Nancy Palmer has left her post as the executive director of the Georgia Craft Brewers Guild to become the director of government affairs at the Georgia Chamber of Commerce.
Palmer, the first woman to receive the Brewers Association’s F.X. Matt Defense of the Industry Award, started at the Georgia Chamber of Commerce in November. She had served as executive director of the guild since being promoted to the post in July 2014.
“The guild provided me with an incredible opportunity to learn about the industry, learn how to do government affairs, and work at a place where I got to have a real genuine lasting effect, which is very, very rewarding” Palmer told Brewbound.
In her new role, Palmer will work on behalf of the chamber’s more than 47,000 member businesses “in myriad ways and on a myriad of issues.” Specifically, she will serve on the government affairs team, lobbying at the statehouse on issues such as taxation civil judicial reforms.

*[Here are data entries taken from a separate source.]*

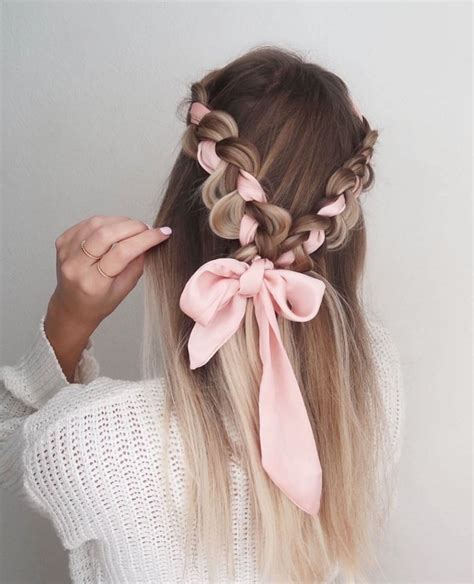 Pin By Summer Hester On ーcommunityー Ribbon Hairstyle Prom Hairstyles For Long Hair Long Hair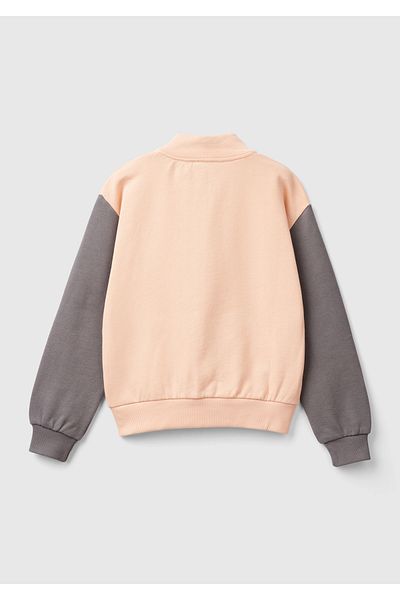 United Colors of Benetton Girl's Crochet Glitter Logo Printed High Collar Sweatshirt with Zipper Pocket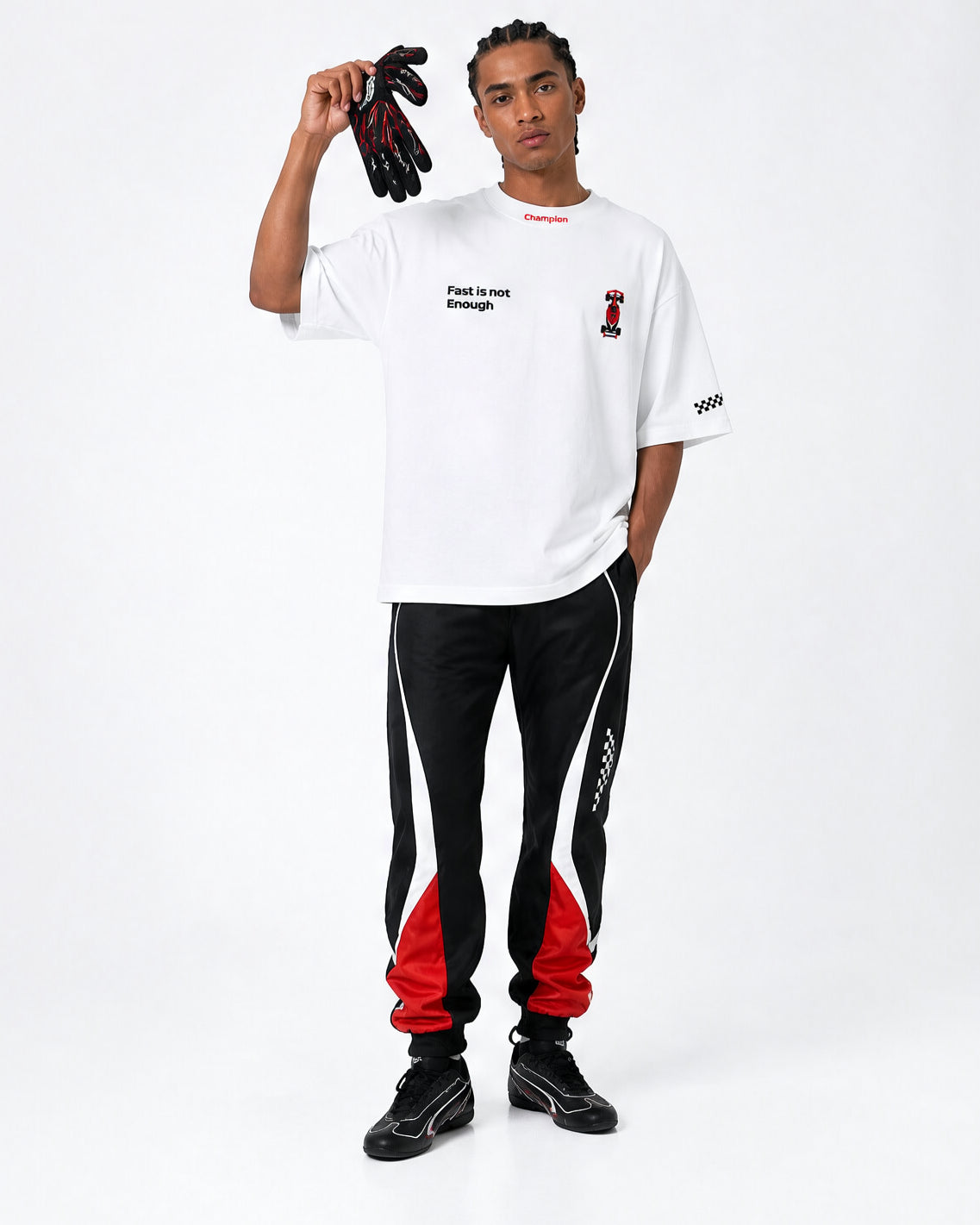 MOKARI Last Lap Oversized F1 Racing Graphic T-Shirt – White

For Palmer, the timing was right to make a career change and work within a larger organization.
“Working for the guild is exciting and invigorating because you’re really kind of self-directed and you can really dig into issues,” she said. “But also at the same time, it’s lonely. I think any executive director at a state guild can tell you that there are times when it’s lonely. You don’t have coworkers, necessarily, or people who you are regularly bouncing ideas off of. Just on a personal level, I realized that I hadn’t had coworkers in about 10 years, and I should get around to having them.”
Kevin Ryan, CEO of Service Brewing Company and president of the guild’s board of directors, called Palmer “a force” and admitted that the guild has “big shoes to fill.”
“Losing an executive director who won the F.X. Matt award is obviously a huge hit to the guild,” he said
As the guild searches for a replacement for Palmer, Ryan will serve as interim executive director. As part of the hiring process, the guild has formed a hiring company and began posting the job description, which will run through January 12.
“We’ve got over 28 resumes submitted already,” he said.
According to Ryan, the guild is looking for an executive director who can push the guild’s legislative agenda, while also unifying the state’s more than 80 craft breweries.
As for Palmer, she left a lasting impact on the state. She is credited with helping enact a number of legislative reforms, among the biggest is the 2017 passage of Senate Bill 85, which allowed the state’s breweries to sell up to 3,000 barrels annually, directly to consumers, for on-premise consumption in brewery-owned taprooms.
“That piece of legislation, the way that it changed the industry in Georgia, was dramatic,” Palmer said. “I think for anyone involved — craft brewers, wholesalers, retailers and everyone else — the change was overwhelmingly positive.”
Georgia was among the last, if not the last, state in the nation to bar direct sales and instead required a cumbersome and confusing system in which breweries were required to sell tours and offer “free” samples.
Meanwhile, there are still legislative reforms on the table in Georgia. Among the issues facing the guild’s next executive director will be addressing brewers’ inability to self-distribute their products and loosening franchise laws that lock beer companies into contracts with their wholesalers. Those efforts are already in motion as part of House Bill 738, which was introduced at the end of the 2019 legislative session.
“That’s the start of where we begin negotiations with our wholesalers,” Ryan said.
When the second half of the 155th Georgia General Assembly resumes on January 20, 2020, that legislation will still be alive and up for consideration
In the meantime, Georgia brewers may get a boost from a new Department of Revenue rule that would make it easier for the state’s craft brewers to transfer malt beverages between facilities that share 100% ownership. A hearing is set on the rule on December 23.
“That would be a huge game changer,” Palmer said.
Palmer is one of several executive director changes in recent years, including North Carolina, Colorado and Oregon.